Jackson Pollock, Studi di figure dal Giudizio Universale, 1937-39

Le prime opere espressioniste

I suoi primi lavori nascono dopo che Pollock ha visto le opere dei nativi americani: quanto c’è di magico e rituale in quella azione dalle radici primitive in lui diventa qualcosa di selvaggio e autentico. Un evento assoluto che annulla tutto ciò che è intorno, perché tutto, corpo, anima, gesti, sensazioni, sono concentrati  nell’atto del fare, in quello che sta facendo.

Jackson Pollock, Mural, 1943, olio su tela, 247 x 605 cm,
Iowa City, University of Iowa Museum of Art (dono di Peggy Guggenheim)
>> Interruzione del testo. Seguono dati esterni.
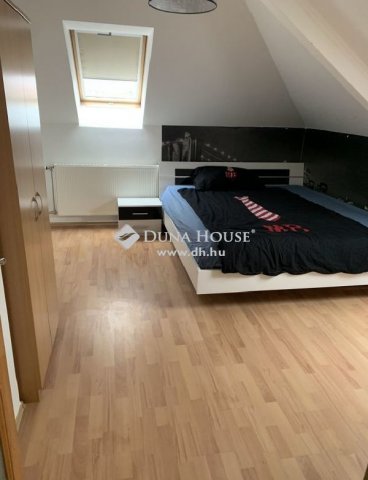 Eladó családi ház, Esztergomban 124 M Ft, 8 szobás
Nell’opera MURAL del 1943 sono già presenti tutte le caratteristiche dell’Espressionismo Astratto, della poetica di Pollock, basata sulla fisicità del segno o gesto prodotto dall’artista nel dare il colore sulla tela. È un quadro drammatico come “L’urlo” di Munch ed espressivo come la “Notte stellata” di Van Gogh. È il grido di ribellione che parte dai recessi del suo animo tormentato ed egli definì il quadro “eccitante come l’amplesso”.

Il dripping

Nel 1947 inizia a produrre quadri con la tecnica del DRIPPING, riprendendo l’idea di Max Ernst di forare un barattolo di vernice e di farlo oscillare sulla tela. Uno dei suoi primi dipinti realizzati con questa  tecnica ha per titolo FULL FHATOM FIVE, è oggi al MOMA dove è presentato come “olio su tela con chiodi bottoni chiavi sigarette fiammiferi e altro”.
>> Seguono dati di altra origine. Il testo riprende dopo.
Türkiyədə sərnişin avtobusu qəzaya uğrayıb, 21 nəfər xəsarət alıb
Jackson Pollock, Full Fathom Five, 1947, The Museum of Modern Art, New York

Nell’opera le macchie e gli schizzi decorano una superficie ruvida che Pollock aveva grattato con una spatola e una spazzola; una superficie piena di relitti della vita quotidiana dell’artista che vengono incollati sulla tela come in un collage. Il dipinto ribolle di rabbia, frustrazione, angoscia, ansia ma è contemporaneamente ricco di forza prorompente.
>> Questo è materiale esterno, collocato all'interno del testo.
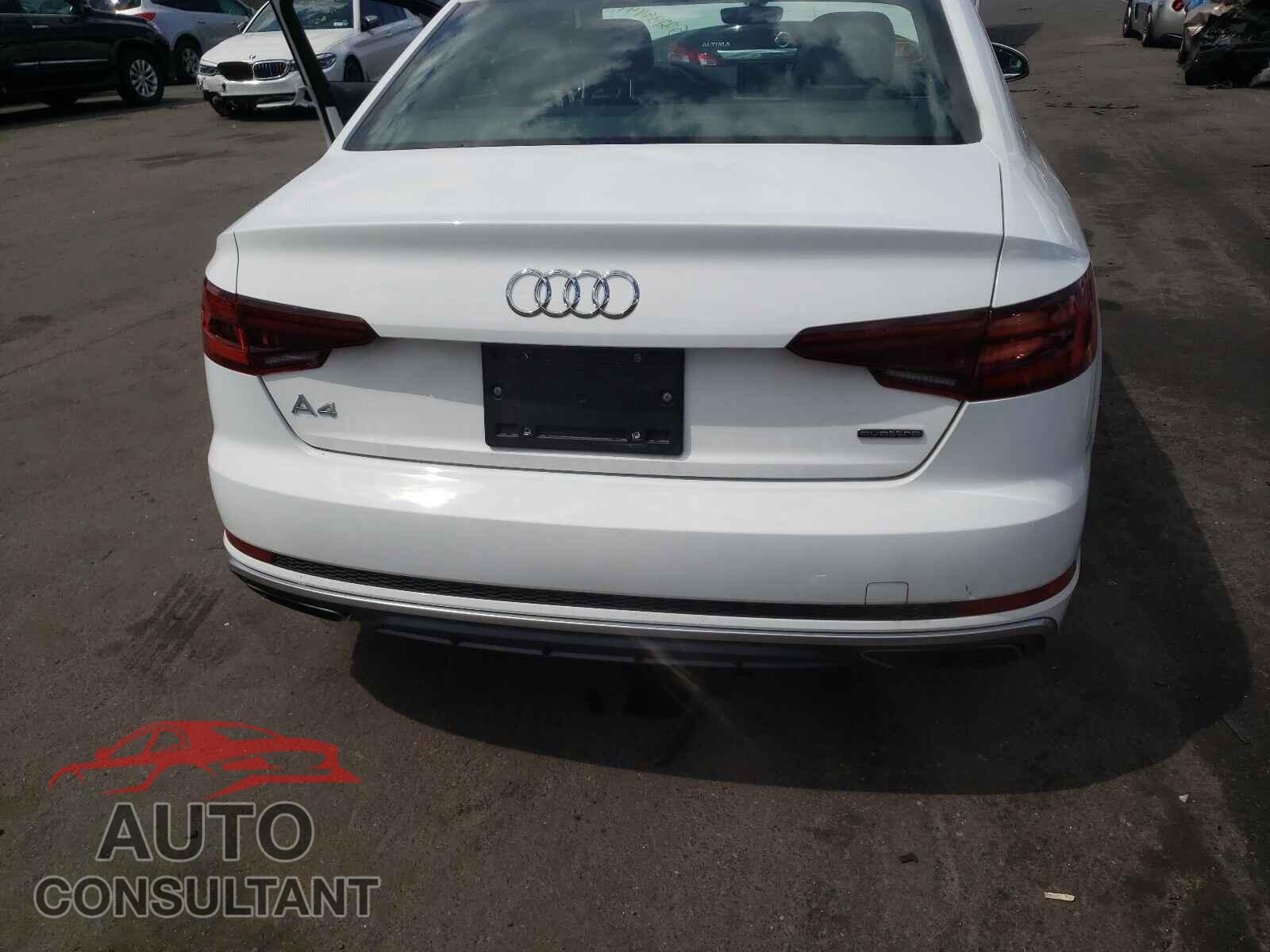 AUDI A4 2019 - WAUDNAF43KN006185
In FULL FATHOM FIVE l’insieme ha quasi una forma antropomorfa, come se sotto la trama vi fosse una figura prigioniera dello strato di colore. Quando l’opera fu restaurata e fu passata sotto i raggi X si scoprì che veramente Pollock sotto quei segni filamentosi aveva dipinto una figura umana in piedi, una figura umana che è come seppellita sotto gli strati del colore finale. Cosa rappresenta? È forse la pittura tradizionale che Pollock ha lasciato alla ricerca della sua identità? Lui la cancella, la sfregia, la seppellisce come in un atto di totale liberazione.

Pollock e la tela

Con Pollock la pittura da cavalletto era morta, dipingeva su enormi tele messe a terra, attaccandole da tutti e quattro i lati; trattava lo spazio della tela senza un centro, senza una periferia, una pittura “all over”, cioè a tutto campo, che realizzava un’immagine che era una distesa piatta di filamenti, da far pensare che andasse oltre i limiti della tela. Usava vernice per pareti, la schizzava, la faceva colare, gocciolare, la gettava a spruzzo; camminava sulla tela, diventava lui stesso parte dell’opera. Non c’è traccia di pennello, manipolava la vernice con cazzuole, bastoni, scopettoni, vi aggiungeva gli oggetti più disparati, sabbia, pezzi di vetro, mozziconi di sigarette, chiavi.

La tela per lui non era lo spazio su cui progettare ma una arena in cui combattere in trance, come in una danza rituale, lasciando agire l’inconscio e il pulsare del ritmo vitale. Il suo spirito indomabile si rivela in quello che si può definire la fedele trascrizione delle sue emozioni più profonde, quelle di cui si ha percezione ma che ancora non sono affiorate alla ragione (qui è il legame con il surrealismo). Pollock diceva: “Quando sono dentro i miei quadri non sono consapevole di ciò che sto facendo”. L’uso del caso nel costruire le opere lo aveva avuto ispirandosi alle opere dadaiste di Hans Arp.

Qualcuno ha voluto vedere nelle sue opere una affinità con i “frattali”, cioè con la rappresentazione dei comportamenti caotici propri della matematica; in questo senso, tra una sbornia e l’altra, anticipava di 15 anni  la teoria del caos di Edward  Lorenz del 1963.